Real Recipes From Real Home Cooks ®

summer gazpacho salad

(1 rating)
review
Private Recipe by
Russ Myers
Necedah, WI

All your favorite fruits and vegetables presented together in a delicious salad

(1 rating)
yield 10 Servings
prep time 20 Min
method No-Cook or Other

Ingredients For summer gazpacho salad

  • 3 c
    fresh pineapple, cut into chunks
  • 4 md
    tomatoes, seeds removed, coarsely chopped and drained
  • 1 lg
    cucumber, cut in half lengthwise and thinly sliced
  • 1/4 c
    green onions, chopped
  • 1`/8 c
    white wine
  • 1/8 c
    vinegar
  • 4 tsp
    olive oil
  • 4
    leaves, fresh basil, stacked, rolled and sliced to make thin ribbons (chiffonade)
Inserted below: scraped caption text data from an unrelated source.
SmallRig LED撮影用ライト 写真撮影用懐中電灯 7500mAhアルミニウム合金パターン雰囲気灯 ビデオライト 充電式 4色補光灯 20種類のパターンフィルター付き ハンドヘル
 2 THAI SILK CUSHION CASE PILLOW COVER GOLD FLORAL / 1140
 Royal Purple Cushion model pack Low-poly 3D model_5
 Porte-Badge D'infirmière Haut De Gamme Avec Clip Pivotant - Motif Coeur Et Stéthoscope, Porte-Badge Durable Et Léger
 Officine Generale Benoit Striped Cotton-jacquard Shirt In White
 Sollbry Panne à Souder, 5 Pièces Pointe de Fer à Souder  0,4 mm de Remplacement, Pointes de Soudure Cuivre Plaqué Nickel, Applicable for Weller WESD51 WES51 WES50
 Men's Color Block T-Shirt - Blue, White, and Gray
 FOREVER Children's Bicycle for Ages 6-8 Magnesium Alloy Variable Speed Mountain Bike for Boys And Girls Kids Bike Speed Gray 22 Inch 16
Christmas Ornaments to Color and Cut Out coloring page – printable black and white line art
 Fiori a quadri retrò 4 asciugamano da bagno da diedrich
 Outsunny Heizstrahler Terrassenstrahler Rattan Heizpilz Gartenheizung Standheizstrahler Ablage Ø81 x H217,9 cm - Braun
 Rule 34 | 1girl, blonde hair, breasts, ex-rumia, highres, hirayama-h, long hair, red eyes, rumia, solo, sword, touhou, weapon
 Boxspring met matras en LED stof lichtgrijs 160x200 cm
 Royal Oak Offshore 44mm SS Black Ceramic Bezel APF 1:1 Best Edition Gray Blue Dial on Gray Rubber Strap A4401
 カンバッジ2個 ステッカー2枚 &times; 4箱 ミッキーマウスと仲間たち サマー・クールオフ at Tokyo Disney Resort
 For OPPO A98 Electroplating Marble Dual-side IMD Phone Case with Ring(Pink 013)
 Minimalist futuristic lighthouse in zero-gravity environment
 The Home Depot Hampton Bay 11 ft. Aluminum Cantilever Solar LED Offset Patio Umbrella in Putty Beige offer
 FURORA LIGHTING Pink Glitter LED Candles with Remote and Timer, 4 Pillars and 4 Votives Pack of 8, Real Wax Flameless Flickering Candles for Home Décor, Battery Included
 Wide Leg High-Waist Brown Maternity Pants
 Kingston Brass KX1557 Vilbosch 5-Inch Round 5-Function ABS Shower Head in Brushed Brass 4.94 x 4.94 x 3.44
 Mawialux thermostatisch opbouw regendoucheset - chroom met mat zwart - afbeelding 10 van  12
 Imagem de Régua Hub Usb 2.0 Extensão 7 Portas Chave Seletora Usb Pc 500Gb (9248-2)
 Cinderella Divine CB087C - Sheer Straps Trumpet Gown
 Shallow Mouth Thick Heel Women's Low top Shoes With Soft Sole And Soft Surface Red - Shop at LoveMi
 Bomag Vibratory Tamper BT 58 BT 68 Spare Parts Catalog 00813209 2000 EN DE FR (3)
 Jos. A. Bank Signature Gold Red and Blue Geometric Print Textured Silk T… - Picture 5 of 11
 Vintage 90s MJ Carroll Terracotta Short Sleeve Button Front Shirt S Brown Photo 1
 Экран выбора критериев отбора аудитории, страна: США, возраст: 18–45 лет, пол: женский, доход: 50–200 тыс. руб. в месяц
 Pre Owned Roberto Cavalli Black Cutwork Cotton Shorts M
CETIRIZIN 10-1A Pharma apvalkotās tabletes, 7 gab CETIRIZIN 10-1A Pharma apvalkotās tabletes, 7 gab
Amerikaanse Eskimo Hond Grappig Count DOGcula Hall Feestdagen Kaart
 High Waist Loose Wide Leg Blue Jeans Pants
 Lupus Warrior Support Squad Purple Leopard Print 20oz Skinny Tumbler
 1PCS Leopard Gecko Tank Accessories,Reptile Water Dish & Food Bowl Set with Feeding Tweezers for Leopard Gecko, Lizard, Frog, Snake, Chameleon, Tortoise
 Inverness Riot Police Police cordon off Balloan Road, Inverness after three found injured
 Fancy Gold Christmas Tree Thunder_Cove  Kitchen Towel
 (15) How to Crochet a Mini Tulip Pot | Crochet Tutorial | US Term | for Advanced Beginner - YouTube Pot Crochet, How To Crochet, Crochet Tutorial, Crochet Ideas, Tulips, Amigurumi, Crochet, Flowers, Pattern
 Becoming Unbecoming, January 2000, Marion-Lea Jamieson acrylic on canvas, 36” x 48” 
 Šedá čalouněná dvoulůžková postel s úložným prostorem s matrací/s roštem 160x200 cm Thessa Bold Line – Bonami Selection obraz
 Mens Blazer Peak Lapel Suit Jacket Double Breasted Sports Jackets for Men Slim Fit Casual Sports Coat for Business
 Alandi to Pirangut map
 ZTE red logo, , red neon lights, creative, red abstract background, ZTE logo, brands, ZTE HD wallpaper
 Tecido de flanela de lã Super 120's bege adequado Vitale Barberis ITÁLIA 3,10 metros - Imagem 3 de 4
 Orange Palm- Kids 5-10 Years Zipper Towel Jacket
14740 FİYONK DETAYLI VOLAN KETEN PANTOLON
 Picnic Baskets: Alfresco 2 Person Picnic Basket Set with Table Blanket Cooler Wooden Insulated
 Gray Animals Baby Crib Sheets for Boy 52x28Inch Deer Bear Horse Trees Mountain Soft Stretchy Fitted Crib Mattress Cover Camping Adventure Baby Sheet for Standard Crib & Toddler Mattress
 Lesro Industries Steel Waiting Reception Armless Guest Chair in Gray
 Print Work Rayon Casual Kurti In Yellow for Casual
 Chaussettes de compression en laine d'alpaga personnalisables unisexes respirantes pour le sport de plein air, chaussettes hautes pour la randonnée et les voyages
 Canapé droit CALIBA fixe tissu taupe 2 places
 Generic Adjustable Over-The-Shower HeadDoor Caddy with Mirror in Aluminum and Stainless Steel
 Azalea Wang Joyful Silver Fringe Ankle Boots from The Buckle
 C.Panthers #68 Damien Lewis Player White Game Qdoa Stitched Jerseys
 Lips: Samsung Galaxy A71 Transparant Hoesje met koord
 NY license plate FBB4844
How To Make summer gazpacho salad

  • 1
    Place pineapple, tomatoes, cucumber and onions in a large serving bowl.
  • 2
    Whisk together wine, vinegar and oil. Pour over salad mixture and gently toss. Cover and chill for at least 1 hour or overnight to blend flavors.
  • 3
    Just before serving stir and garnish with basil chiffonade scattered over the salad.